Lawrence G. Nassar, the doctor convicted of sexually abusing young female gymnasts, was stabbed multiple times in the chest, back and neck at the federal prison in Florida where he is serving a 60-year sentence, according to two people with knowledge of the situation.
Mr. Nassar, 59, is in stable condition after he was attacked by another inmate at the Federal Correctional Complex Coleman, a sprawling prison compound in Central Florida, they said.
It is not clear when the altercation took place or what prompted the attack. A spokeswoman for the Federal Bureau of Prisons, which manages the complex, did not immediately return a request for comment.
The episode adds to a long, troubled case of a once-prominent sports physician accused of molesting and assaulting dozens of young women and children, including athletes at Michigan State University, Olympians and members of the U.S. national gymnastics team — in the guise of providing treatment and examinations.
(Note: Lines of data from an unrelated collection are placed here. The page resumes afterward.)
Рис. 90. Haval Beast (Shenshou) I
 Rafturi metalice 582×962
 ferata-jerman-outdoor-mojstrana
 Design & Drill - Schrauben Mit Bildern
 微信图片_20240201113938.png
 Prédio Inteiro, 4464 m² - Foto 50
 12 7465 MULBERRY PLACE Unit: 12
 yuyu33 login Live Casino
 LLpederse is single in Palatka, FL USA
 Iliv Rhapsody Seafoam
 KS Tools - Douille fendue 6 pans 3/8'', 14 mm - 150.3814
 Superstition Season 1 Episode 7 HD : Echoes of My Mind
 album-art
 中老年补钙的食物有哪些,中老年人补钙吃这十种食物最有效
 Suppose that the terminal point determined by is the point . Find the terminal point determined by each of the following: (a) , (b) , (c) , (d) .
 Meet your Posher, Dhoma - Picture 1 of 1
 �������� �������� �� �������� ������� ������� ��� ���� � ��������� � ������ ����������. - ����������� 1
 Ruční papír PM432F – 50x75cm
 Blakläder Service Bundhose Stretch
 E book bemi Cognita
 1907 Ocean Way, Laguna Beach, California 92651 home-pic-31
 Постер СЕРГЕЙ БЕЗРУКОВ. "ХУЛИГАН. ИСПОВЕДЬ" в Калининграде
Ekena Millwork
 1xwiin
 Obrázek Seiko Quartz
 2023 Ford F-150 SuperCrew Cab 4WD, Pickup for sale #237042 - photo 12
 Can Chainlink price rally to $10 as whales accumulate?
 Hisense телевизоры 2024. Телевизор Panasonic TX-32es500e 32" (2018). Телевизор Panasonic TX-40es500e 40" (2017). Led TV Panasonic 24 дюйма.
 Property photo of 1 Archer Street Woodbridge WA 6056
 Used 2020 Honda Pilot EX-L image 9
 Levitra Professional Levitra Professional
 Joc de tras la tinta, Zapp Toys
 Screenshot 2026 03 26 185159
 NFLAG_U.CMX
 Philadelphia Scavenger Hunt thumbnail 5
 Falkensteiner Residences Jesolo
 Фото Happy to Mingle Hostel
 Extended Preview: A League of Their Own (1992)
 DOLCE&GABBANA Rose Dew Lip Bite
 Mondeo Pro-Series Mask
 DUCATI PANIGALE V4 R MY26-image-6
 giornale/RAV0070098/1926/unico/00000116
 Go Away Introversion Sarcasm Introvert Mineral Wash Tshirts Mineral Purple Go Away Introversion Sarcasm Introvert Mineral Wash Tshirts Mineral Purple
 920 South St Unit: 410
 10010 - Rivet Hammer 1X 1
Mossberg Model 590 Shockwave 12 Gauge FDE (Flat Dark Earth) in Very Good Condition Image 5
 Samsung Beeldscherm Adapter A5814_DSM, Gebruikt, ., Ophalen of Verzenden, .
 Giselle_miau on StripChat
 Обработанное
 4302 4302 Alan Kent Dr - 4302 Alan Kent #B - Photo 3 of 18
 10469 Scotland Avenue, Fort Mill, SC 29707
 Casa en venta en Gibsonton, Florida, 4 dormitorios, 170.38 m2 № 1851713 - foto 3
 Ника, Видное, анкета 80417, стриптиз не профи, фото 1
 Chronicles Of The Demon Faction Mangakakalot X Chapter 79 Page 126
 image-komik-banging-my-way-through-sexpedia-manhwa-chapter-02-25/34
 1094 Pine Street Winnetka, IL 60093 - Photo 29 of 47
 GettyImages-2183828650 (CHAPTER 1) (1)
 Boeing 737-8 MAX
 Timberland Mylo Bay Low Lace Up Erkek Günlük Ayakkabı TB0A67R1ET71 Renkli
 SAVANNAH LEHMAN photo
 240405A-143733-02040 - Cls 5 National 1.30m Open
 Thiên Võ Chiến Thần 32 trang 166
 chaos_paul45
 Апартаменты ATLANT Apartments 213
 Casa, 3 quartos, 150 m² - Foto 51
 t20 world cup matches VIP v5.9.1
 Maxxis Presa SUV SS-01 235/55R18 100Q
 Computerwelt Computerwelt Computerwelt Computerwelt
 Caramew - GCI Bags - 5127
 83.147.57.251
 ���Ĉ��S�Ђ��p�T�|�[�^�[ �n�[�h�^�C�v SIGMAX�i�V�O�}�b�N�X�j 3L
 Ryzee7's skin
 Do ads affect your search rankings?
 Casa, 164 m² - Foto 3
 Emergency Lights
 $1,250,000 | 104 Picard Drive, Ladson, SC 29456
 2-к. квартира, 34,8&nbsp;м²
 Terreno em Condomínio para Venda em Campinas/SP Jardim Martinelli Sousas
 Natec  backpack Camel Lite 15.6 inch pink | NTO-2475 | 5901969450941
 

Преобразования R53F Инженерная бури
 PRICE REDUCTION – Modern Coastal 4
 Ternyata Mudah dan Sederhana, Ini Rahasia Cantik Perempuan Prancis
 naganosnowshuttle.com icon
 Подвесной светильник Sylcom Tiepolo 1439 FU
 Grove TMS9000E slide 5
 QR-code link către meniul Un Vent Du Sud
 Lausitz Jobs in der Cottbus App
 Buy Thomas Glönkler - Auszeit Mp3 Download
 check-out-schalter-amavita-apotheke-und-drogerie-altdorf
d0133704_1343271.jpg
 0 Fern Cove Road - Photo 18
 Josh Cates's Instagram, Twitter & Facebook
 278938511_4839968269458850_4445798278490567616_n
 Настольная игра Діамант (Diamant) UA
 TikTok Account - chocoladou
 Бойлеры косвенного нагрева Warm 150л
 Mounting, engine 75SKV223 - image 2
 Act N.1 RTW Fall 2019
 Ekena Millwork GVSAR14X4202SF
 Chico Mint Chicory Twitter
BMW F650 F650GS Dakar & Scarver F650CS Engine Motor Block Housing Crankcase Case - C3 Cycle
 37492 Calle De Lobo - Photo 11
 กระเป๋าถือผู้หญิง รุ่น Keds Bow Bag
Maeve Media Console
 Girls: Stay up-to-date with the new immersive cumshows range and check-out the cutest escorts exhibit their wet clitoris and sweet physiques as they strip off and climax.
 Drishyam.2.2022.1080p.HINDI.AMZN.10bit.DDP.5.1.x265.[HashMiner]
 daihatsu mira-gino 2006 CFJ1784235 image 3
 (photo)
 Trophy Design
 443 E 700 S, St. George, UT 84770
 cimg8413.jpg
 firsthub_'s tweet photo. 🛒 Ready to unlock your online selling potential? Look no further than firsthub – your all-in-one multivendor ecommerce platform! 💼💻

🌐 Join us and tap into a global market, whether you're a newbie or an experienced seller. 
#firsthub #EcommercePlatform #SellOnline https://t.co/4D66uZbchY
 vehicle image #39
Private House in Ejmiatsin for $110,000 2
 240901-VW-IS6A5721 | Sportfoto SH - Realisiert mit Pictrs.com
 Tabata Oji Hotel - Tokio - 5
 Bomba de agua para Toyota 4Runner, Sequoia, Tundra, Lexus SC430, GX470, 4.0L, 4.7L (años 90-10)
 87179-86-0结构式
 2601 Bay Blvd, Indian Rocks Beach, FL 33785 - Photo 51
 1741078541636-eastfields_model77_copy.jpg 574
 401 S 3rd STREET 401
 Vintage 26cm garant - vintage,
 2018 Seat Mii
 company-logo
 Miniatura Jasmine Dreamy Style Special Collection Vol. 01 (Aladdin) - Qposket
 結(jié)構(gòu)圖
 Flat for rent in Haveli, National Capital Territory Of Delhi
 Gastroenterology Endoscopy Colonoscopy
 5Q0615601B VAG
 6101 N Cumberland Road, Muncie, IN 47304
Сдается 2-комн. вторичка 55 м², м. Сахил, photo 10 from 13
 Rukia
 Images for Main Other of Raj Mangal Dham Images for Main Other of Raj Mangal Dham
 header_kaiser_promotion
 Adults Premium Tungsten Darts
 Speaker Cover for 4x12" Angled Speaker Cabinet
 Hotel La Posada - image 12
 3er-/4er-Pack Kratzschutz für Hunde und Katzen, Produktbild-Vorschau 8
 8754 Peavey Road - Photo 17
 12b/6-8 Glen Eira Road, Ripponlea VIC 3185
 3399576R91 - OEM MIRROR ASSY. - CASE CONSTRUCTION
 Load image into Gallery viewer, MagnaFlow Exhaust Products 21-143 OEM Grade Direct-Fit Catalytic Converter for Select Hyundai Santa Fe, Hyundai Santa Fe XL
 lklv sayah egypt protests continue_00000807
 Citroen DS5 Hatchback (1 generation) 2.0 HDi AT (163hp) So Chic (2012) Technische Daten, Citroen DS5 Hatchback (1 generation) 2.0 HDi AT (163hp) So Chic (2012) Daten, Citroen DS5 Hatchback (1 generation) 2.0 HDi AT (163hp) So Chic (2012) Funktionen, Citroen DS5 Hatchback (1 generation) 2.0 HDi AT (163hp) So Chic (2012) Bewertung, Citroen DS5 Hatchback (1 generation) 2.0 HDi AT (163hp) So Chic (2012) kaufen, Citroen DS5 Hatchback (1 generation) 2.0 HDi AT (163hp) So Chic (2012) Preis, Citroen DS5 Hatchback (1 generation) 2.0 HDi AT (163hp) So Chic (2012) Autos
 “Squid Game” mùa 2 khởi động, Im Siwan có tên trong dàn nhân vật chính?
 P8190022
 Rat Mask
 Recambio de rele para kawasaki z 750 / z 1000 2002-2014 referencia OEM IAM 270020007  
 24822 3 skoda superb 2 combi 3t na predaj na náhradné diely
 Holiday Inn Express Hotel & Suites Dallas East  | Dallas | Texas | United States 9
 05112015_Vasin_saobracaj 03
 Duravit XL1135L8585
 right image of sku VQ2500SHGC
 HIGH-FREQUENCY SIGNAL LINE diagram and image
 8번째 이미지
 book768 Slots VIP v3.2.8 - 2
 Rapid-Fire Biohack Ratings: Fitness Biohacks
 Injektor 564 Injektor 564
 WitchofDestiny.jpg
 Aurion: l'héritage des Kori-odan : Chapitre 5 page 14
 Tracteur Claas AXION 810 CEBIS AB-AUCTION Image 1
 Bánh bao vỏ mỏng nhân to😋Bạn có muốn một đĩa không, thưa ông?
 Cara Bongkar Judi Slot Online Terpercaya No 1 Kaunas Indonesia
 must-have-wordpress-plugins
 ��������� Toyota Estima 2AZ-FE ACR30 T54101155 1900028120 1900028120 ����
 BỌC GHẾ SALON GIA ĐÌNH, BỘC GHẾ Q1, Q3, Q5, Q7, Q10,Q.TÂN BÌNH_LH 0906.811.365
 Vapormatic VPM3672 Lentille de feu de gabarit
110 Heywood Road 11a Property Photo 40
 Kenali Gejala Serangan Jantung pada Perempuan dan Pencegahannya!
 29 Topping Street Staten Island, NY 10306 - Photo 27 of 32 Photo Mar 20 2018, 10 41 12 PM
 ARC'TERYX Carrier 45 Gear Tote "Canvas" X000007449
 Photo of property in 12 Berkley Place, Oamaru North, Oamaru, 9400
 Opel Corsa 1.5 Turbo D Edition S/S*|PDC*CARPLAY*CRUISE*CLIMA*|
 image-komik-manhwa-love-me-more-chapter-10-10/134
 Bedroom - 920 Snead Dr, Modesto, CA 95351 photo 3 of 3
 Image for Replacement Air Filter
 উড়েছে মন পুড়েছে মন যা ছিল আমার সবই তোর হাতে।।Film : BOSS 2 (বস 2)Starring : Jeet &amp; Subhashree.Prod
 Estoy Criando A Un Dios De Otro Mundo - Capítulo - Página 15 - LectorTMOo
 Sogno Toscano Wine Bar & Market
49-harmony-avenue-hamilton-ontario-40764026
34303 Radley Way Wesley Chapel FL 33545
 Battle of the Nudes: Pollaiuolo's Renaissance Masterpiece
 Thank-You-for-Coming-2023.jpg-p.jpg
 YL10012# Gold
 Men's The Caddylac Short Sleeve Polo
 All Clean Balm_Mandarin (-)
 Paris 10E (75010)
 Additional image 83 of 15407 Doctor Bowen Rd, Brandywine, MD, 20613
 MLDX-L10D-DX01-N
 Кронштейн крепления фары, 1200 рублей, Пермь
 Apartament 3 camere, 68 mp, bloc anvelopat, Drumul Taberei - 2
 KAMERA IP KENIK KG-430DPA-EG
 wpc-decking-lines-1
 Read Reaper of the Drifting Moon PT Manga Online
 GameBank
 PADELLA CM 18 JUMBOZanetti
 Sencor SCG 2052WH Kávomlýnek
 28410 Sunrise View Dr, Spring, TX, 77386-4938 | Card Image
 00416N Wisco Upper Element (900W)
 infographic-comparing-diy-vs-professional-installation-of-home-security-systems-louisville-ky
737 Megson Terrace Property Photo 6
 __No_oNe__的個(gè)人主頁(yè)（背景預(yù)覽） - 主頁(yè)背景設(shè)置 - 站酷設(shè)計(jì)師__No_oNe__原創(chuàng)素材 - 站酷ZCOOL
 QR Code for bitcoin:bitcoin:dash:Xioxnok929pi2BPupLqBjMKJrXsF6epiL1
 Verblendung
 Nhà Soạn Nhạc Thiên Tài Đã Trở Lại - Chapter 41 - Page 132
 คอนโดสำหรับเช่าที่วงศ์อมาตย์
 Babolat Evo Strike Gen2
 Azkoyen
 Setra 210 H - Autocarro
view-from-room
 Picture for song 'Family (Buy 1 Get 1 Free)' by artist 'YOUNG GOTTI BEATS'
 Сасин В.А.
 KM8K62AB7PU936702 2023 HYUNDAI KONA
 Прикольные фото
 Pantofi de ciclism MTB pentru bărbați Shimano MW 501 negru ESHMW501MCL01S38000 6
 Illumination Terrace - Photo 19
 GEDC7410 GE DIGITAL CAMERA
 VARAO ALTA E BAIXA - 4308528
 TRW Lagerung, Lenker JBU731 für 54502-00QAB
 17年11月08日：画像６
In a scathing 2021 report, the inspector general for the Justice Department found that the F.B.I. initially botched the investigation, allowing Mr. Nassar to assault more young women.
Mr. Nassar was convicted on federal charges in 2017. He was sentenced to an additional 40 to 125 years by a judge in Michigan a year later, after pleading guilty to three additional counts of sexual assault. A federal judge ordered that sentence to run concurrently and remanded him to federal custody.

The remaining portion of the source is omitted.